Given its name, you might imagine that the International Space Station is, well, international. And, it definitely is; even when political tempers are running hot, the US and Russia lead the way for a variety of nations to learn to live and work in space. But, there are a few countries that haven't been invited to the party. These pariahs include developing space nations like North Korea, Iran, and China. It's a bit unfair, though, to lump China in with those other two. After all, China's space program is rapidly becoming one of the most advanced in the world, with its own rockets, crew capsules, and even a space lab.
Building space stations is very tricky business, and China's Tiangong-1 lab is actually probably best known not for its real-life accomplishments, but for its role in the 2013 Oscar-winning film "Gravity." Unlike the ISS, Tiangong-1 isn't set up for long term habitation. In fact, it's more like the US Skylab, which operated in the mid 1970s, than today's ISS or Russia's former Mir station. Two crewed missions have docked with the lab, but their stays were measured in weeks, not months or years.
Tiangong-1 is just the first stepping stone towards a more permanent Chinese presence in space. Soon to be de-orbited (burned up in the Earth's atmosphere), a more advanced version known as Tiangong-2 is slated for launch in 2016. One of the most important tasks China plans to accomplish with this lab is to practice unmanned delivery of supplies. This is a key capability necessary to keep a station fully stocked.
Two years after Tiangong-2 launches, the nation will place a key experimental module into space, according to Yang Liwei, Deputy Director of China's space agency and the first Chinese citizen to travel to space. Today's announcement was unclear about whether this module would connect to either Tiangong-2 or the full Tiangong-3 (surprise!) station set to be launched in 2022.

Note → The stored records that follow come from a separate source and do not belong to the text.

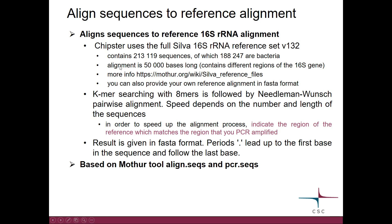The reference alignment is very long since it contains the different regions of the 16S gene. You can read more about it at the Mothur site. You can also provide your own reference alignment in FASTA format if needed.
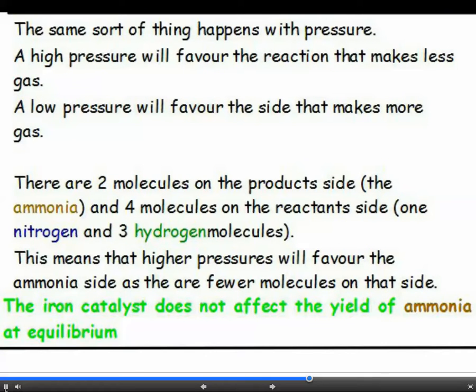The rule is that increasing the pressure favours the side with fewer molecules of gas on it, because this will reduce the pressure again. So if you increase the pressure, this will favour the forward reaction — making ammonia — as there are the fewest number of molecules on the product side. A catalyst is also used, but this doesn't affect the yield of ammonia at equilibrium; it is there just to speed up the reaction.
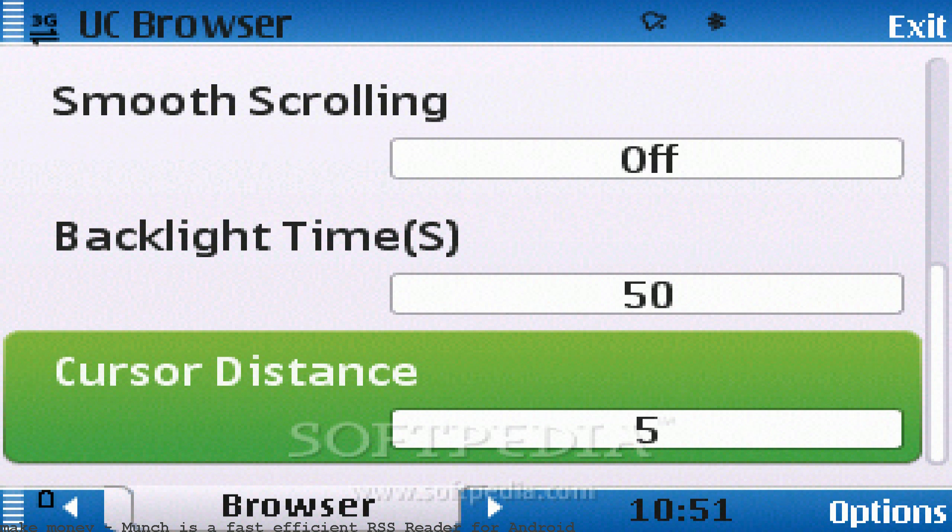RSS offers an efficient way to stay in the know. Five Android apps to feed your RSS needs. With this RSS reader, Munch is a fast-efficient RSS reader for Android.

Although China continues to lag the established leaders in space capabilities, it's clear the country is placing an emphasis on catching up. Like their counterparts in the United States and Russia, China's leaders stress that their space program is a peaceful endeavor. Despite these claims, China's sometimes-testy relationship with the Western world has resulted in its relative isolation within the global space community. Hopefully their continued efforts towards the peaceful, productive exploration of space will lead to greater future engagement with this burgeoning space power.